1)      Nod vigorously in all the wrong places.  If anything sensible is said at any point, catch someone's eye and emphatically shake your head and roll your eyes.

2)      Inch slowly away from the person to your left.  When you have inched so far that you are touching the person on your right, give this person an accusing look and start inching slowly back to your left.

3)      Make a small paper boat and float it in your water glass.

4)      If anything is being drawn/written on a flip chart, make a scale copy of it in your notebook using felt tip pens.  Ask the speaker to move out of the way so you can copy it down accurately.

5)      Whenever you need to go to the toilet, say to whoever is speaking, “I am very uncomfortable with your attitude.”  When you come back, try to look as if you have been crying.

6)      If mints are provided, stuff as many into your mouth as you possibly can and dissolve them very, very slowly throughout the meeting.  If sweets are not provided, bring your own and eat them at regular intervals, making sure to make as much noise as possible with the packaging.

7)      Buy a long-haired white cat (a toy one will do).  Stroke it conspicuously throughout the meeting.  Whenever you are asked for your opinion put on a bizarre northern european accent and address everyone as “Meester Bond”.

8)      Play with your hair.  Take it further and further as the meeting goes on, introducing hair-bands, clips, brushes and combs.  Aim to come out of the meeting looking like Vivienne Westwood.  If you are a man, grow your hair or cultivate facial hair in order to make this possible.

9)      Refuse to accept the minutes of the last meeting.  Take issue with tiny points that no-one remembers. If you wrote the minutes yourself, don't let this stop you.

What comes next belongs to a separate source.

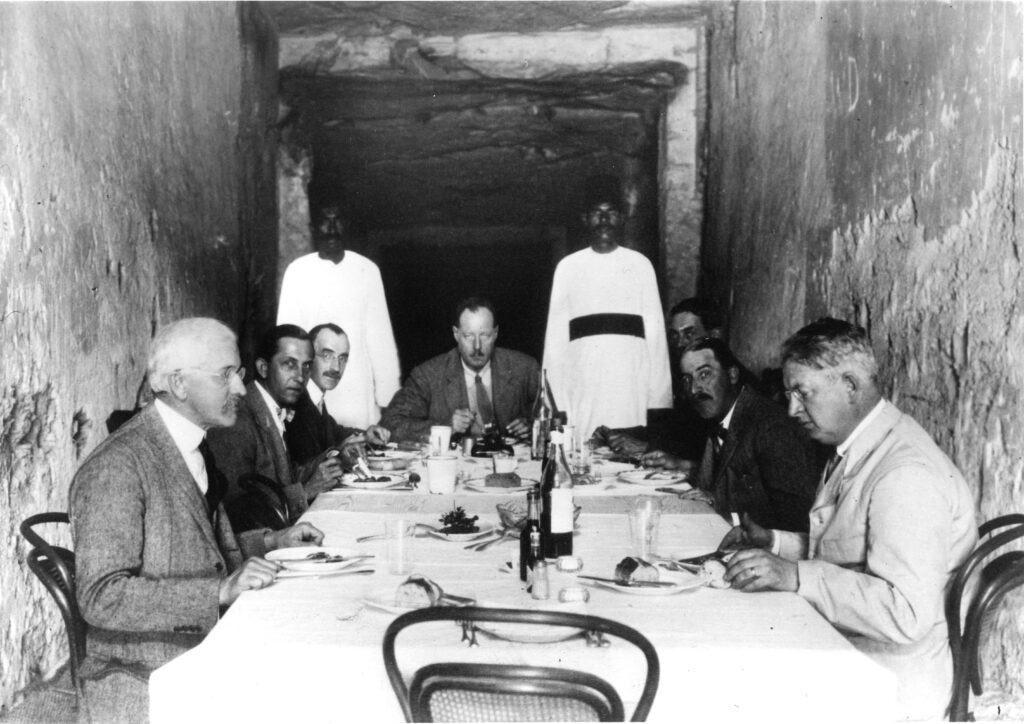 Allan Gardiner, geheel rechts, zit naast Howard Carter tijdens een lunch in het voorjaar van 1923 in het nooit in gebruik genomen graf van Ramses XI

10)  Play management speak bingo.  Write down a few choice words and phrases on your notebook before the meeting starts and cross them off as they are said.  Try phrases like “customer-focussed”, “let's think around that” and “touch base”.  Include your own manager's favourites. (You can get more ideas in my Management Speak article). If you are playing alone and you get 'house', pipe up with “Excellent point!  I think we should take a break to mull over it.” If playing with a friend, the winner gets to say “I think X (the loser) would like to take issue with that.”